Pour lui, filmer est une question de santé mentale. Il passe sans cesse de plans larges à des plans serrés et nous enchante par des images qui subliment le quotidien. Il nous offre de véritables professions de foi au cinéma : "Mon Église, c’est le cinéma et, quelquefois je prêche dans le désert et, quelquefois je rencontre des âmes sœurs". Ce beau film en est le témoignage.
18 mai 2026
Dans ce film, Alain Cavalier filme des scènes banales du quotidien qui, peu à peu, se chargent d’une densité inattendue.
À plus de quatre-vingt-quinze ans, il compose un journal fragile, sans intrigue, fait de silences, de visages, d’objets et de paroles suspendues.
Le film avance par fragments, dans une simplicité désarmante. Ces moments partagés peuvent sembler dérisoires, mais en accordant à chaque échange une attention entière, Cavalier fait surgir une profondeur singulière au cœur des instants ordinaires.
Chaque détail porte la trace du temps. Il aborde la maladie, la vieillesse et la mort avec une douceur lucide, souvent ironique, qui évite toute pesanteur mélancolique.
La caméra portée et la lumière crue donnent aux images une authenticité brute et ouvrent une forme de présence silencieuse entre le réalisateur et le spectateur.
Cette lenteur contemplative peut dérouter. Mais c’est dans cette attention obstinée que le film atteint une émotion rare, d’une profonde simplicité humaine, ouvrant la possibilité d’une véritable rencontre, comme le suggère son titre Merci d’être venu.
15 mai 2026
Aucune sélection n’aurait pu mieux convenir à la présentation du dernier film d’Alain Cavalier que la Quinzaine des cinéastes, qui célèbre la liberté, l’audace et la singularité du geste cinématographique.
Depuis la fin des années 1990, Alain Cavalier déploie une œuvre intime, filmant seul, avec une caméra légère.

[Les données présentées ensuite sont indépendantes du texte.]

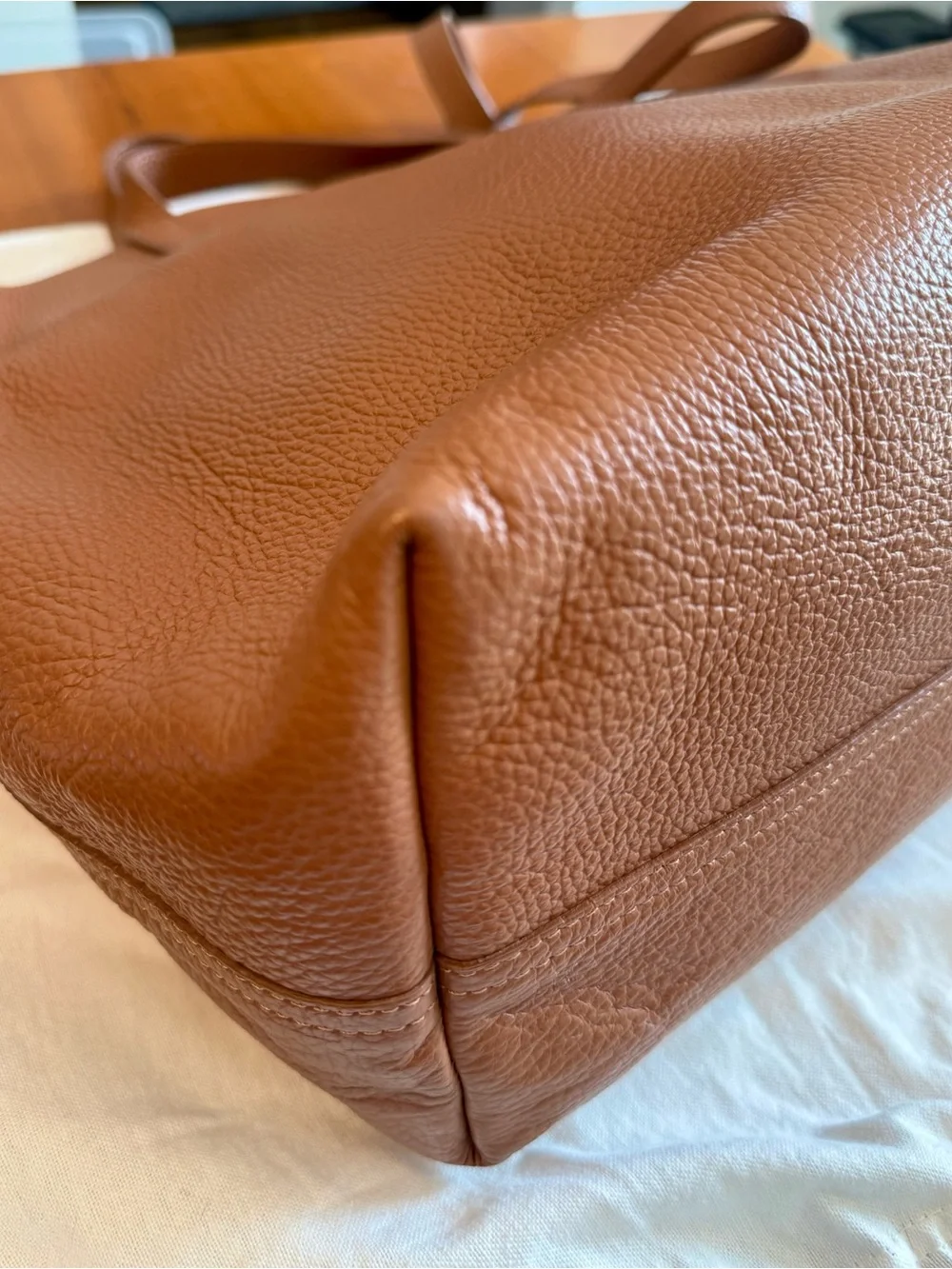 Cuyana Classic Structured Tote in Caramel - Picture 10 of 14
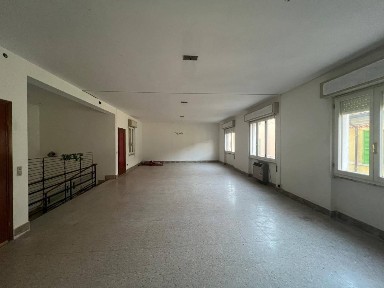 Locale commerciale in Affitto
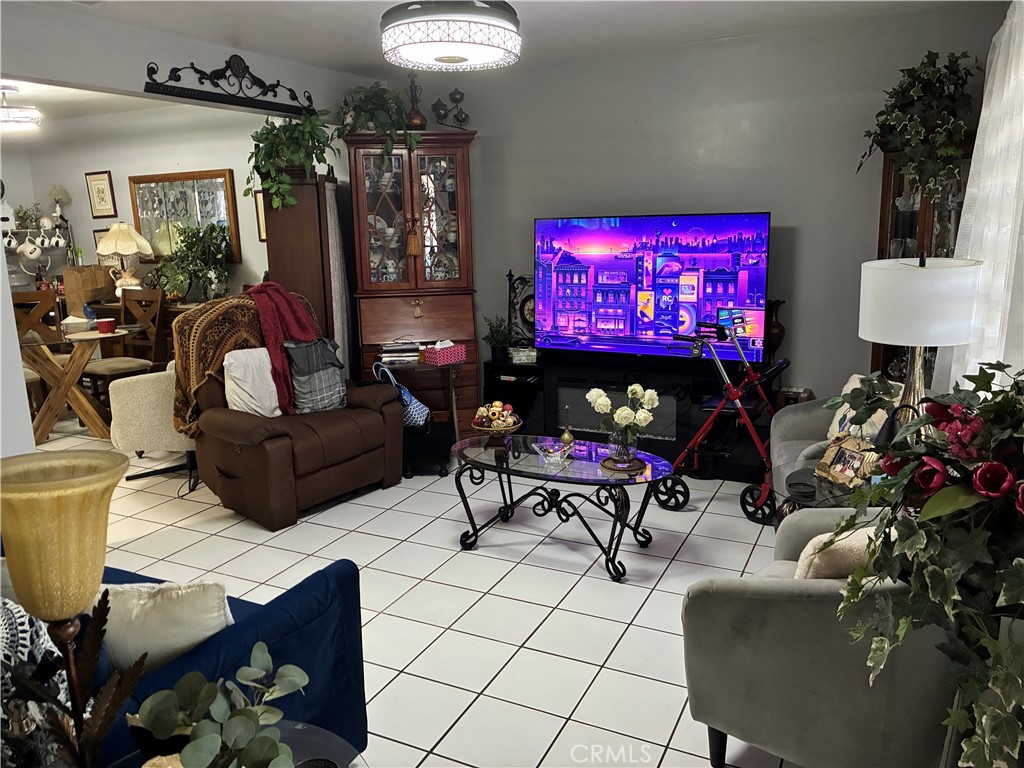 124 E Merrill Property Photo 4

Merci d’être venu raconte, sur un ton espiègle, le réel, la vie qui s’écoule, les rencontres, les amis, les gens, les jeunes, les vieux, les animaux, les paysages, les villes… Et quand la vie passe, la mort s’invite parfois, mais l’amour, lui, reste toujours.
C’est le récit des quinze dernières années d’un cinéaste de 94 ans, libre et authentique, qui veut transmettre ses émotions comme son plaisir de vivre et de filmer.
Présenté comme le dernier chapitre de son journal cinématographique - « la mise en ordre de mes ultimes envies de filmer », dit-il - Merci d’être venu est peut-être le geste d’un artiste qui quitte la scène et s’offre une sortie discrète, tout en nous remerciant, avec modestie et humour, « d’être venu ». Espérons que ce film magnifique ne soit qu’un au revoir pour celui qui proclame : « Vivre pour filmer, filmer pour vivre ». Finalement, Alain Cavalier n’a peut-être pas encore dit son dernier mot.